The Federal government does provide limited funding to Aboriginal groups when it comes to their legal claims. The Specific Claims process was set up to handle outstanding Aboriginal claims against the Federal government totalling several billion dollars. Canada provides funding for the preparation of these historical claims by Bands and Tribal councils so that a small number can be submitted under the Specific Claims process each year. If a submitted claim is deemed valid, Canada will agree to negotiate and will provide funds to pay for the legal fees and other costs associated with the negotiations. However, once negotiations fail, legal funds are cut off and claimants are left to fend for themselves in the courts or submit the claim to the Specific Claims Tribunal, a recently established court. If a claim is submitted to the Specific Claims Tribunal some groups may be eligible for legal funding on a case by case basis but funding is not assured.

Canada also provides test case funding. However funding is limited and is only available after a case reaches the higher courts on appeal, providing no assitance at the most time consuming stages of the case – preparation and trial.

In recent years the courts have recognized the need for legal funding of Aboriginal rights claims and have stepped in in some cass to force a governemnt to pay the costs of bringing a lawsuit aginst itself. In the Okanagan case (2003 SCC 71) the Supreme Court of Canada upheld a lower court order requiring the Province of British Columbia to provide funding to the Okanagan Indian Band in a court case against the Province over logging rights. In that case the Court issued an “advance costs order”. Such orders are unusual as the court traditionally waits until the end of a trial to see who wins and then orders the losing party to pay costs to the winner as a contribution to the winner’s legal fees. These traditional cost orders are granted to recognize that a party might win the trial but still not be fully compensated if the legal fees to achieve the victory erode the court award.

Unlike traditional cost orders, advance costs orders are made prior to or during the trial process and costs are payable to the Aboriginal litigant win or lose. This can level the playing field ensuring a fair fight – which is what the court wants to see. However, advance costs order are only available in exceptional circumstances where there is a good case on the merits of the claim, the case is of public importance and not a mere private dispute, and the case would not be advanced if legal funding is not ordered. Even when these conditions are met the court may still refuse to order a government to fund an Aboriginal lawsuit against itself. The court maintains absolute desrcetion in these cases.

While all of these mechanisms for legal funding of Aboriginal claims assist, they are very uncertain and unpredictable. It can also be very expensive to advance a claim for legal funding. In one successful motion for an advance costs order the government was ordered to pay $60,000 as a contribution toward the cost of making the motion. The Band’s actual costs for presenting the request for funding to the court were much higher.

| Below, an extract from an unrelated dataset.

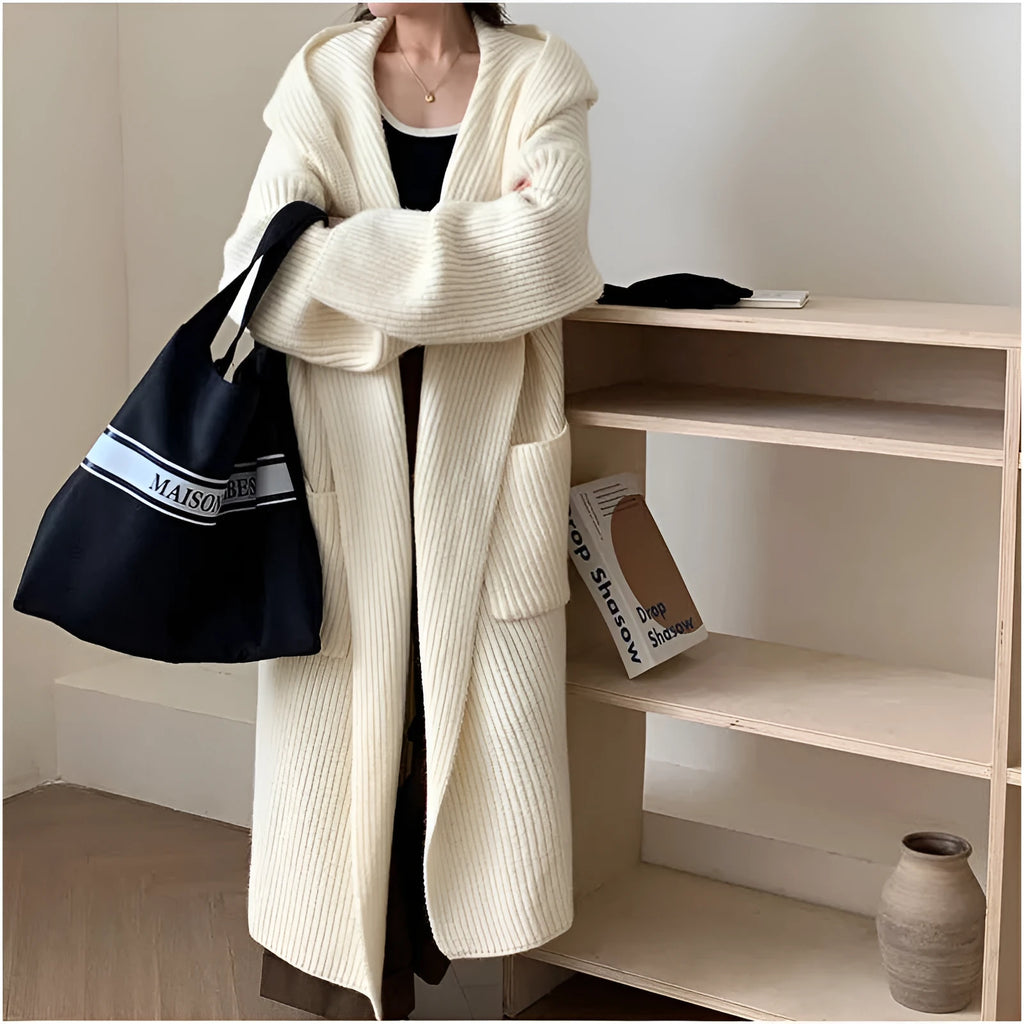 Women's loose hooded cardigan coat in acrylic fibre with 80cm length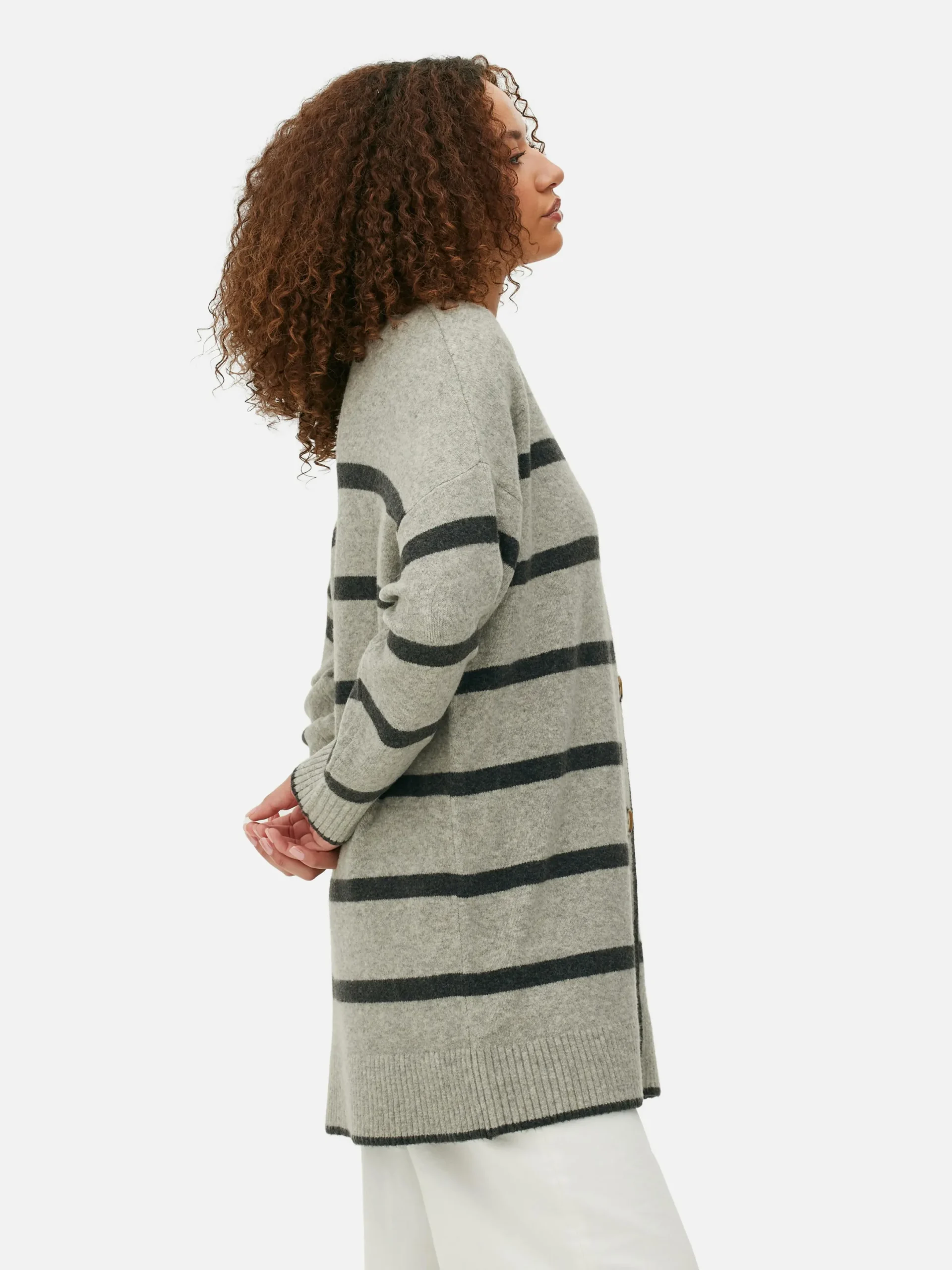Pulls Et Gilets|Primark Gilet Long à Rayures Gris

The result of this lack of adequate and timely legal funding is that many valid cases have languished for decades and even centuries depriving Aboriginal people of vital land, resources and capital to support their growing populations. This status quo could all change quickly with a court ruling elevating legal funding for Aboriginal claims to the status of a Treaty right constitutionally protcted by section 35 of the Constitution act, 1982. This would finally give effect to the promises made by Lieutenant Governor Belcher and other representatives of the Crown to protect the legal rights of our Aboriginal peoples. It would finally give Aboriginal peoples themselve the ability to take part in one of Canada’s greatest institutions – it’s fine and impartial judiciary.